:: MATERIAL PROVIDED ::

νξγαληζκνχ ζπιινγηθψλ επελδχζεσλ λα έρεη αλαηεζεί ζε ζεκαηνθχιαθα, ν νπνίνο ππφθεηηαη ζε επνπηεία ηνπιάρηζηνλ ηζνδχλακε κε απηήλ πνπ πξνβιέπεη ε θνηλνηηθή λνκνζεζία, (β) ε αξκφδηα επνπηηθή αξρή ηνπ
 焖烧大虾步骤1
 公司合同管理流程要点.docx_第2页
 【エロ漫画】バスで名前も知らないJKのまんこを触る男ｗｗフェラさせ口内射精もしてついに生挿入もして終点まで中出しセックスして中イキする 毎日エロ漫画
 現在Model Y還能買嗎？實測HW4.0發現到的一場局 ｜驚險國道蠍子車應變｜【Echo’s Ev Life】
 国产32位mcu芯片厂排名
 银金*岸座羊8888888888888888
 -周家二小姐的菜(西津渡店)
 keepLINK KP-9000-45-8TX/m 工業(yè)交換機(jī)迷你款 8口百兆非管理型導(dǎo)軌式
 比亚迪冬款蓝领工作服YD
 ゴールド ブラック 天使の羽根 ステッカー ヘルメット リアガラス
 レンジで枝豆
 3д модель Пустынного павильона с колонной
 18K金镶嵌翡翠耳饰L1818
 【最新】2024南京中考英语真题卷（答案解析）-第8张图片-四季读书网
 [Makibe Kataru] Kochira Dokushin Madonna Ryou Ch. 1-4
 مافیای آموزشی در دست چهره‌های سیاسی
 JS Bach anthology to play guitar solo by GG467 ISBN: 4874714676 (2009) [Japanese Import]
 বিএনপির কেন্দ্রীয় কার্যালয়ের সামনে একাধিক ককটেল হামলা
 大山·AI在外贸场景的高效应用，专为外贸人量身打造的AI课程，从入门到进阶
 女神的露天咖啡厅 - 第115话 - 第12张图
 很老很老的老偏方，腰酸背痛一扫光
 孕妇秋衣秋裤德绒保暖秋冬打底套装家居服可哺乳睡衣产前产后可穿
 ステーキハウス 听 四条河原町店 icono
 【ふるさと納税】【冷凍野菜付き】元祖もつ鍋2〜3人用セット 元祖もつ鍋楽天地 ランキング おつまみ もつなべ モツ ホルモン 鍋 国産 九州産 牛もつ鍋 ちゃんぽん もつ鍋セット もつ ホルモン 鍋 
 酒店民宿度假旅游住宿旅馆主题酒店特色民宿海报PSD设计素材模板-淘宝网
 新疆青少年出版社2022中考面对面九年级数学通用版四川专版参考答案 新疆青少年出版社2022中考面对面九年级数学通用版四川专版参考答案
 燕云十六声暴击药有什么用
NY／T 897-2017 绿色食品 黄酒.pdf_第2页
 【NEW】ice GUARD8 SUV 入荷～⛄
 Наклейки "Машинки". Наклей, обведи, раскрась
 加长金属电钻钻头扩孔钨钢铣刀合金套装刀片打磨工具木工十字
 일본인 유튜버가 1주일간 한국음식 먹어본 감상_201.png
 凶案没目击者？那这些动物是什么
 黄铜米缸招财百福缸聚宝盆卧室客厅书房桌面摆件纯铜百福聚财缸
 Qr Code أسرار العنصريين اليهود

:::

:: WHAT TO WORK ON ::
What's needed is a word-for-word restatement of all the entries.

:: WRITTEN RESPONSE ::
νξγαληζκνχ ζπιινγηθψλ επελδχζεσλ λα έρεη αλαηεζεί ζε ζεκαηνθχιαθα, ν νπνίνο ππφθεηηαη ζε επνπηεία ηνπιάρηζηνλ ηζνδχλακε κε απηήλ πνπ πξνβιέπεη ε θνηλνηηθή λνκνζεζία, (β) ε αξκφδηα επνπηηθή αξρή ηνπ
 焖烧大虾步骤1
 公司合同管理流程要点.docx_第2页
 【エロ漫画】バスで名前も知らないJKのまんこを触る男ｗｗフェラさせ口内射精もしてついに生挿入もして終点まで中出しセックスして中イキする 毎日エロ漫画
 現在Model Y還能買嗎？實測HW4.0發現到的一場局 ｜驚險國道蠍子車應變｜【Echo’s Ev Life】
 国产32位mcu芯片厂排名
 银金*岸座羊8888888888888888
 -周家二小姐的菜(西津渡店)
 keepLINK KP-9000-45-8TX/m 工業(yè)交換機(jī)迷你款 8口百兆非管理型導(dǎo)軌式
 比亚迪冬款蓝领工作服YD
 ゴールド ブラック 天使の羽根 ステッカー ヘルメット リアガラス
 レンジで枝豆
 3д модель Пустынного павильона с колонной
 18K金镶嵌翡翠耳饰L1818
 【最新】2024南京中考英语真题卷（答案解析）-第8张图片-四季读书网
 [Makibe Kataru] Kochira Dokushin Madonna Ryou Ch. 1-4
 مافیای آموزشی در دست چهره‌های سیاسی
 JS Bach anthology to play guitar solo by GG467 ISBN: 4874714676 (2009) [Japanese Import]
 বিএনপির কেন্দ্রীয় কার্যালয়ের সামনে একাধিক ককটেল হামলা
 大山·AI在外贸场景的高效应用，专为外贸人量身打造的AI课程，从入门到进阶
 女神的露天咖啡厅 - 第115话 - 第12张图
 很老很老的老偏方，腰酸背痛一扫光
 孕妇秋衣秋裤德绒保暖秋冬打底套装家居服可哺乳睡衣产前产后可穿
 ステーキハウス 听 四条河原町店 icono
 【ふるさと納税】【冷凍野菜付き】元祖もつ鍋2〜3人用セット 元祖もつ鍋楽天地 ランキング おつまみ もつなべ モツ ホルモン 鍋 国産 九州産 牛もつ鍋 ちゃんぽん もつ鍋セット もつ ホルモン 鍋 
 酒店民宿度假旅游住宿旅馆主题酒店特色民宿海报PSD设计素材模板-淘宝网
 新疆青少年出版社2022中考面对面九年级数学通用版四川专版参考答案 新疆青少年出版社2022中考面对面九年级数学通用版四川专版参考答案
 燕云十六声暴击药有什么用
NY／T 897-2017 绿色食品 黄酒.pdf_第2页
 【NEW】ice GUARD8 SUV 入荷～⛄
 Наклейки "Машинки". Наклей, обведи, раскрась
 加长金属电钻钻头扩孔钨钢铣刀合金套装刀片打磨工具木工十字
 일본인 유튜버가 1주일간 한국음식 먹어본 감상_201.png
 凶案没目击者？那这些动物是什么
 黄铜米缸招财百福缸聚宝盆卧室客厅书房桌面摆件纯铜百福聚财缸
 Qr Code أسرار العنصريين اليهود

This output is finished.